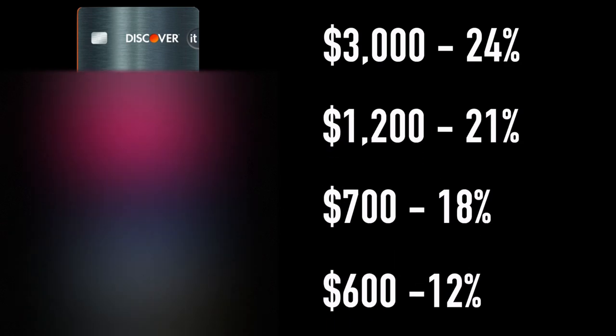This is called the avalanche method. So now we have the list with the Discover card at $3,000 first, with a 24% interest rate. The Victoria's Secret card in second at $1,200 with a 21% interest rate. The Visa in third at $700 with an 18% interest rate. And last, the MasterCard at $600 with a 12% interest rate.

========================================================================

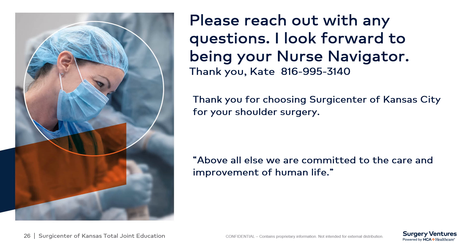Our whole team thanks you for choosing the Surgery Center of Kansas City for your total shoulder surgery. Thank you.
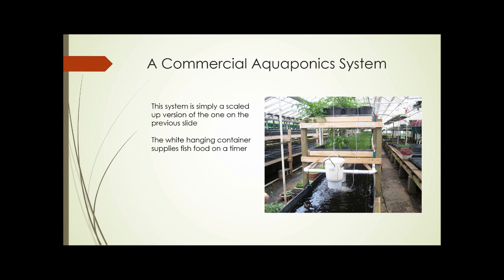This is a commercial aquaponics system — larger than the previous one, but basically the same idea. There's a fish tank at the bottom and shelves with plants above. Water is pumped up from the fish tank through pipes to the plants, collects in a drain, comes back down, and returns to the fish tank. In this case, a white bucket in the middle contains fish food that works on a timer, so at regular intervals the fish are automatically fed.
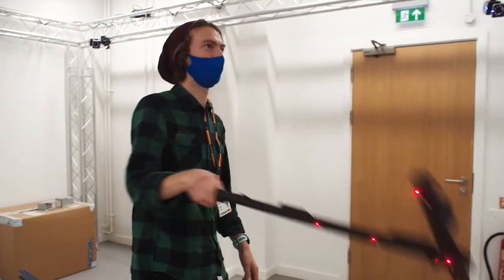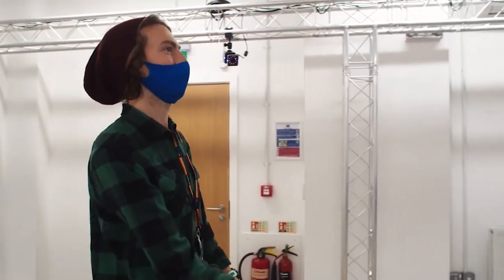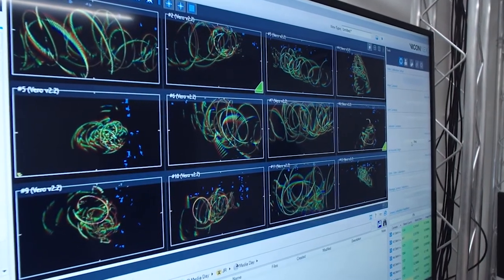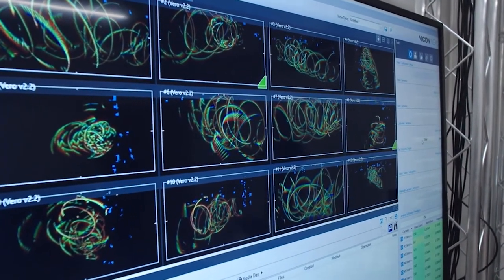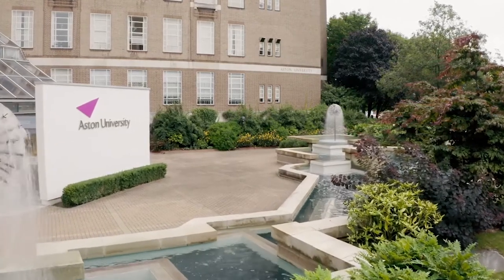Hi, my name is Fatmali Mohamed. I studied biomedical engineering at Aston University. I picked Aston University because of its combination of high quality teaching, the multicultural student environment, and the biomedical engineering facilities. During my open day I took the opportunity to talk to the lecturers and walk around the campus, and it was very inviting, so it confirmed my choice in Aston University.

========================================================================

**PROBLEM STATEMENT**
Above are the records; copy from them only the lines starting at the one containing "This is a commercial" and ending at the one containing "Hi, my name", exactly and without pictures.

**OUTPUT OF THE TASK**
This is a commercial aquaponics system — larger than the previous one, but basically the same idea. There's a fish tank at the bottom and shelves with plants above. Water is pumped up from the fish tank through pipes to the plants, collects in a drain, comes back down, and returns to the fish tank. In this case, a white bucket in the middle contains fish food that works on a timer, so at regular intervals the fish are automatically fed.
Hi, my name is Fatmali Mohamed. I studied biomedical engineering at Aston University. I picked Aston University because of its combination of high quality teaching, the multicultural student environment, and the biomedical engineering facilities. During my open day I took the opportunity to talk to the lecturers and walk around the campus, and it was very inviting, so it confirmed my choice in Aston University.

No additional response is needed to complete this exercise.